● What you need to do: Could you print, exactly and without pictures, only the lines from the one with "NORAFLEX Women Regular" through the end of the records below?

● Data for processing:
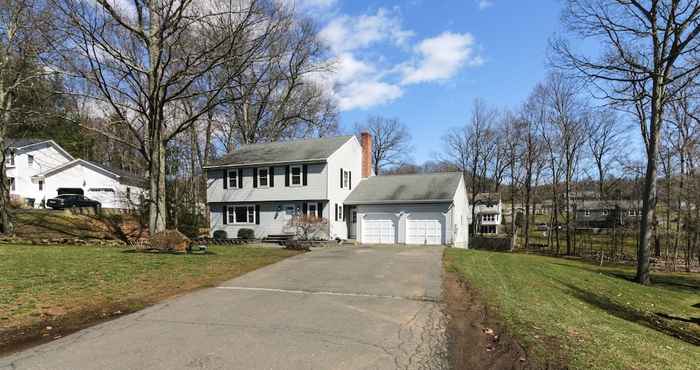 Lain-lain Connecticut Vacation Home Rental w/ Private Pool!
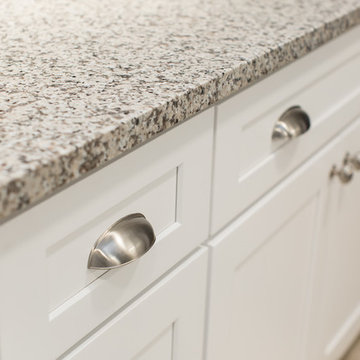 Kitchen | Contemporary Shaker Cabinets | Enlarged Countertops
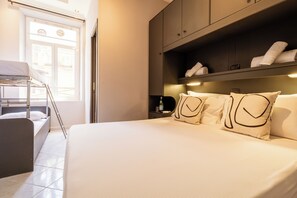 Comfort Quadruple Room, City View | Free WiFi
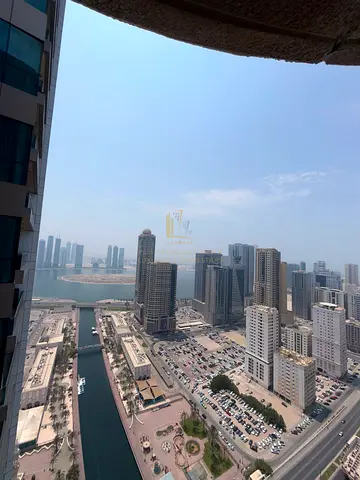 🏡 للبيع | شقة 3 غرف وصالة في برج النور – إطلالة بحرية 🌊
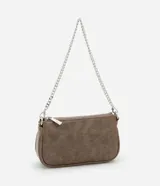 Cartera baguette color marrón con textura símil cuero, asa corta de cadena plateada y cierre superior con cremallera.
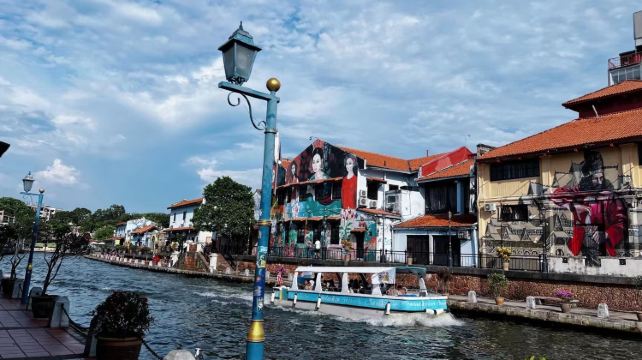 馬來西亞吉隆坡+布城+馬六甲4日3晚·6人小團+初探大馬+觀雙子塔+粉紅清真寺+逛吃唐人街+馬六甲海峽+走進+課本上的馬六甲+可升級雪蘭莪天空之鏡日遊+中文服務專屬管家+6人小團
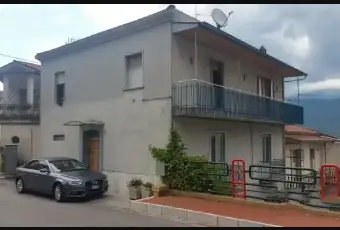 Rexer-Paterno-Casa-su-tre-livelli-in-vendita-in-centro-paese-PATERNO-Garage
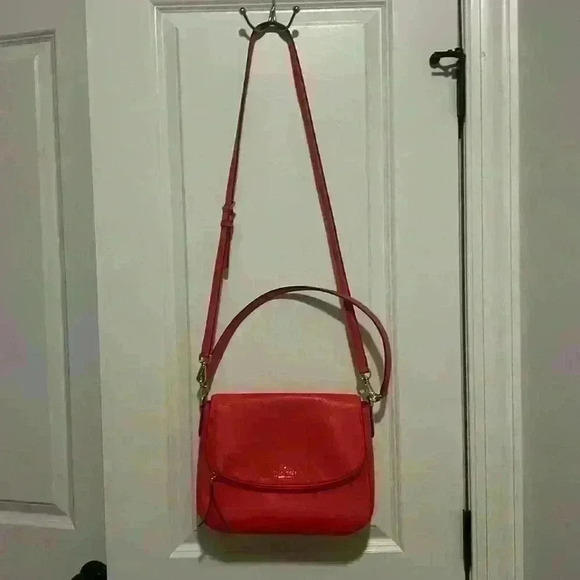 Kate Spade Bright Coral Pink Flap Crossbody like new condition pebbled leather - Picture 1 of 13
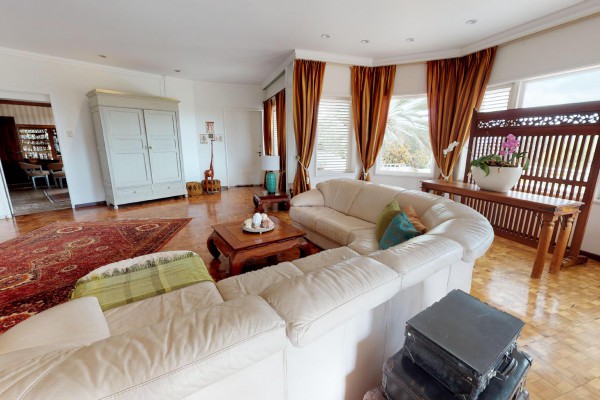 Wonderful classical villa in the center of Willemstad with pool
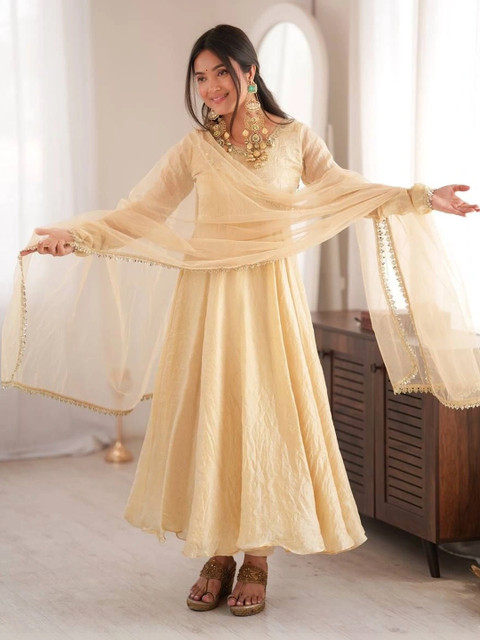 NORAFLEX Women Regular Pure Silk Kurta with Pyjamas & With Dupatta - Image 4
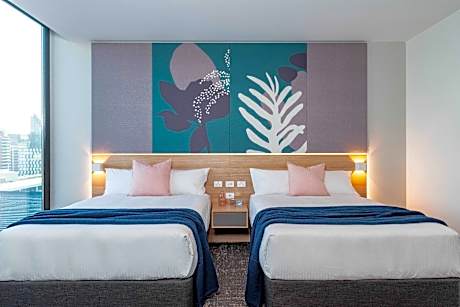 2 Double Beds Standard Low Floor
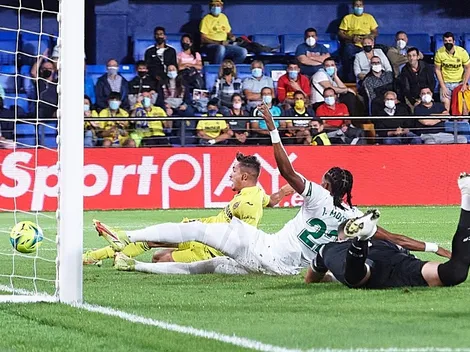 Villarreal golea al Elche con Enzo Roco titular todo el partido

● Solved problem:
 NORAFLEX Women Regular Pure Silk Kurta with Pyjamas & With Dupatta - Image 4
 2 Double Beds Standard Low Floor
 Villarreal golea al Elche con Enzo Roco titular todo el partido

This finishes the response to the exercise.